Mempopulerkan rokok dengan campuran tembakau dan cengkeh ialah sosok Haji Djamhari. Sejalan dengan pengalamannya sendiri, awalnya rokok cengkeh ini dijualnya sebagai obat sakit nafas (asma). Hadji Djamhari menjual ‘rokok obat’ temuannya itu diikat terdiri sepuluh batang. Ternyata hasilnya dianggap banyak orang mujarab. Orang pun ramai berbondong-bondong datang minta dibuatkan rokok obat tersebut. Demikianlah barang yang semula dimaksudkan sebagai obat, dalam waktu singkat menjadi cikal bakal tumbuhnya industri rokok kretek.

Setelah popularitasnya meningkat, rokok cengkeh kemudian lebih dikenal masyarakat dengan nama kontemporernya, “rokok kretek”. Kata ini berasal dari peniruan bunyi (onomatope) yang berasal dari suara cengkeh yang terbakar yang mengeluarkan bunyi meretih ketika dinyalakan: “kretek-kretek”.

Akan tetapi belakangan karena faktor dinamika politik kolonial, istilah kretek menguat dan tumbuh menjadi penanda identitas bangsa Indonesia, yang dipertentangkan dengan istilah “rokok putih”. Di sini patut kita ingat, “rokok putih” ialah istilah khas Indonesia menamai produk rokok Barat. Bahkan hingga kini istilah ini masih menjadi kosa-kata sehari-hari masyarakat Indonesia yang berbicara dalam bahasa Indonesia untuk membedakan dengan rokok asli Indonesia. Menurut Cox, bagaimanapun istilah “rokok putih” muncul dalam wacana tembakau sebagai oposisi linguistik terhadap istilah “kretek”.

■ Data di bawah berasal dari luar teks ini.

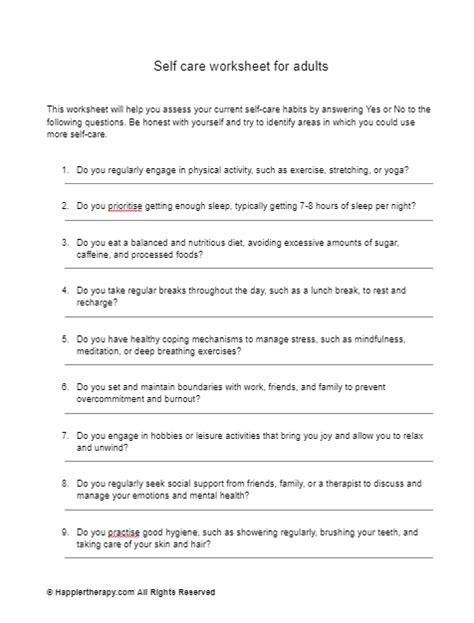 Self Care Worksheet For Adults Pdf Happiertherapy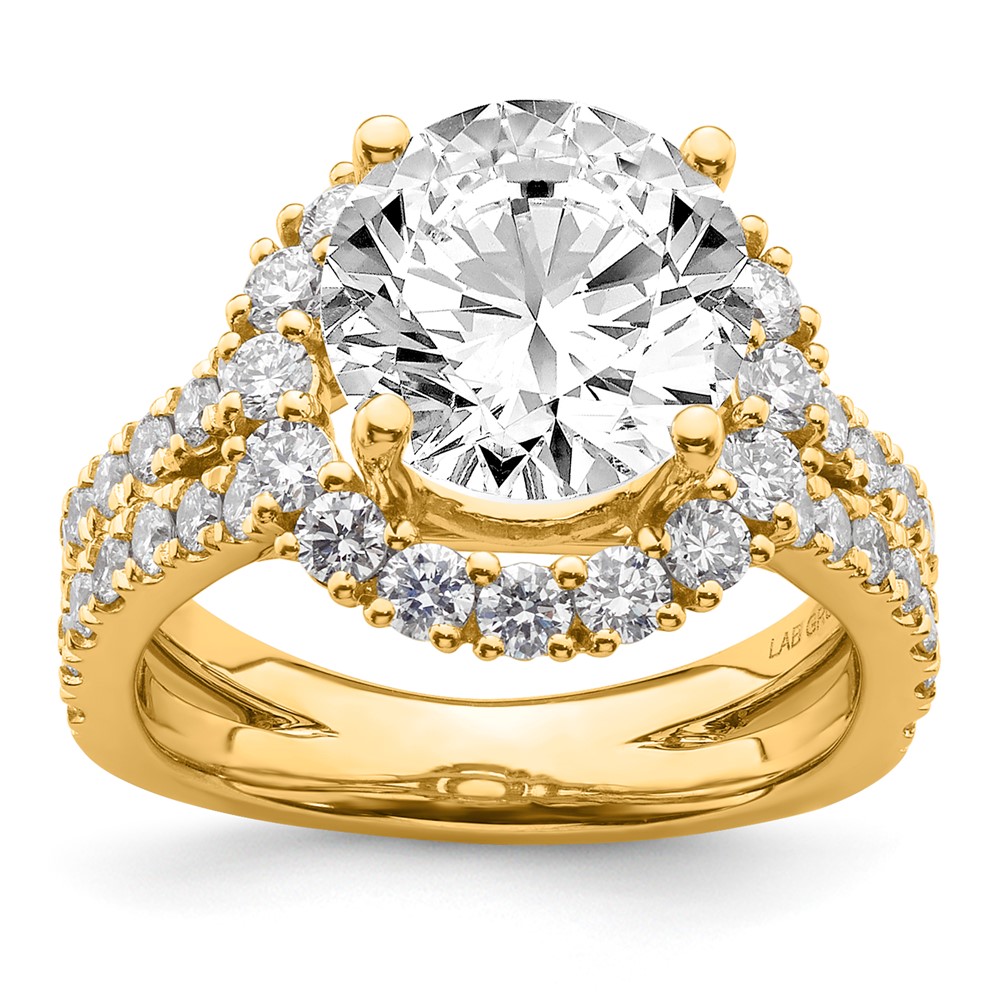 14k YG Lab Grown Diamond VS/SI FGH Complete Halo Eng Ring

Ini sejalan penuturan Pramoedya Ananta Toer, pada masa pendudukan Jepang rokok kretek jadi simbol nasionalisme di kalangan kaum pergerakan. Masuknya penjajahan Jepang mendorong ideologi dewesternisasi dalam kerangka memerangi pengaruh budaya Barat. Kretek terlihat semakin menjadi penanda identitas orang Indonesia (cultural identity), yang notabene dihadap-hadapkan dengan “rokok putih” ala Barat. Menurut Pram, waktu itu satu-satunya yang merokok ala Barat adalah orang Barat. Mereka tidak akan pernah menyentuh kretek.

Dengan demikian munculnya istilah rokok putih dan kretek dalam sejarah Indonesia modern nampak memiliki fungsi konseptualisasi merumuskan bagan identitas pembeda antara kami (the self) dan mereka (the other). Kami-lah (Indonesia, pribumi, non-Barat) yang menciptakan kretek, di mana menjelang akhir dominasi kolonialisme, ternyata kretek sanggup berdiri sejajar dengan rokok putih yang adalah simbol eksistensi budaya mereka (Belanda, asing, Barat). Dalam konteks inilah penamaan “rokok putih” yang dipertentangkan dengan rokok ala Indonesia khususnya kretek merupakan bagian dari sejarah proses sosial politik, ekonomi dan simbolis untuk menantang struktur kekuasaan kolonial. Muara dari semua ini adalah muncul, tumbuh dan mekarnya kesadaran nasionalisme disertai perjuangan menuju kemerdekaan Indonesia.